Similarly, does anyone else remember how “here’s a how de do” used to stop the show when the old D’Oyly Carte did, simply through the extravagant silliness of the choreography?  Nobody, not even Jonathan Miller has been able to reproduce anything like that.  Here, the choreography was tame and the show missed the lift that it can get – many of the numbers lost their impact as a result.

Perhaps these were the downsides of what otherwise was a really alert and enjoyable performance of the piece.  What was key was the way in which the excellent cast performed the text as if it was new.  It was beautifully inflected, delivered with panache and you relished the way everything really meant something.  It felt as if the text had been cleaned and spruced up.  Examples?  You actually felt Katisha’s grief when she first thought Nanki Poo was dead.  Martin Nelson’s Mikado made more out of My Object All Sublime than any other Mikado I have heard.  There were countless little touches that made you listen to the words (which I know pretty much by heart) anew.  On that count alone it was worth the visit.

The cast, too, was excellent: mostly young singers, but performing was a real assurance.  Tristan Stocks made a handsome, intelligent Nanki-Poo, stretched slightly by some of the demands of the music, but here is a very pleasing light tenor with a nice quality – he’d be a great Candide.  Llio Evans was a really lovely, alert Yum-Yum who did a charming Sun whose rays, which was gorgeously shaped to the words.  Thomas Asher’s Pish Tush, normally a nothing role, did the best Our great Mikado I have ever heard, simply through his alert use of words and was a constant joy to watch.  I like a rather larger, oilier figure and voice than Owain Browne could provide for Pooh-Bah, but he just about made up for it by the understated wit of his performance.  Susanne Holmes and Pitti Sing and Georgina Stalbow as Peep-Bo worked hard and well.

Of the more experienced singers, Sandra Porter contributed a really moving, well-sung, characterful Katisha who managed to make the figure moving and funny.  Martin Nelson was an admirably cool, impeccably timed Mikado.  David Phipps-Davies was one of the best Ko-Ko’s I’ve seen – turning him into a rather pathetic, grumpy, insecure little man.  I couldn’t help feeling that Grossmith might have been like this.  He contributed a lengthy but very, very funny little list.

John Andrews conducted a rather intelligent performance.  Tempi struck me as a bit on the slow side but it helped with the articulation of the words.  His phrasing, however, was glorious – the oboe playing of The Sun whose rays in the overture was a joy – and he gave as joyous a performance as an orchestra of 13 and a cast of eight allowed.

James Bonas was the director and must obviously take lots of credit for all the good, stylish acting and great dialogue.

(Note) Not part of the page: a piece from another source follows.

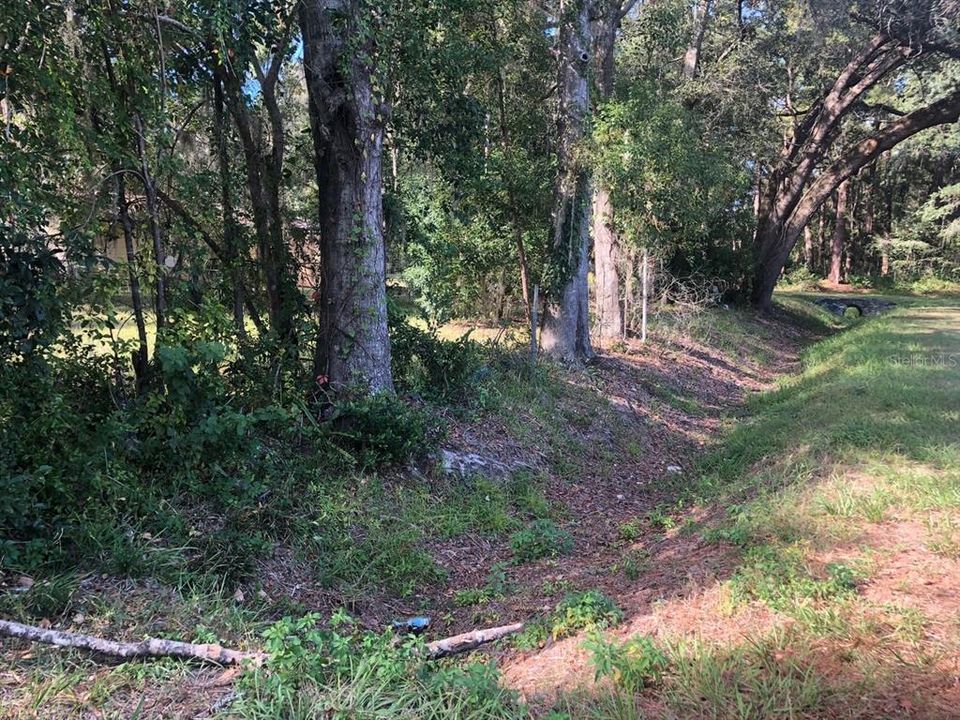 Recently Sold: $14,000 (0.16 acres)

I wasn’t particularly taken by the idea that it was set in an opium den in 1901 but, to be quite frank, there was nothing beyond the overture to suggest that this was at all relevant.  Above all, he needed a decent choreographer.

So it was nice evening and I enjoyed myself.  At £22, it was a pretty good bargain.  It probably wasn’t worth rearranging the rest of my life for.  The last time I saw something in Hastings, I thought Hastings deserved better.  For all the virtues of the staging  The Mikado deserves more than this.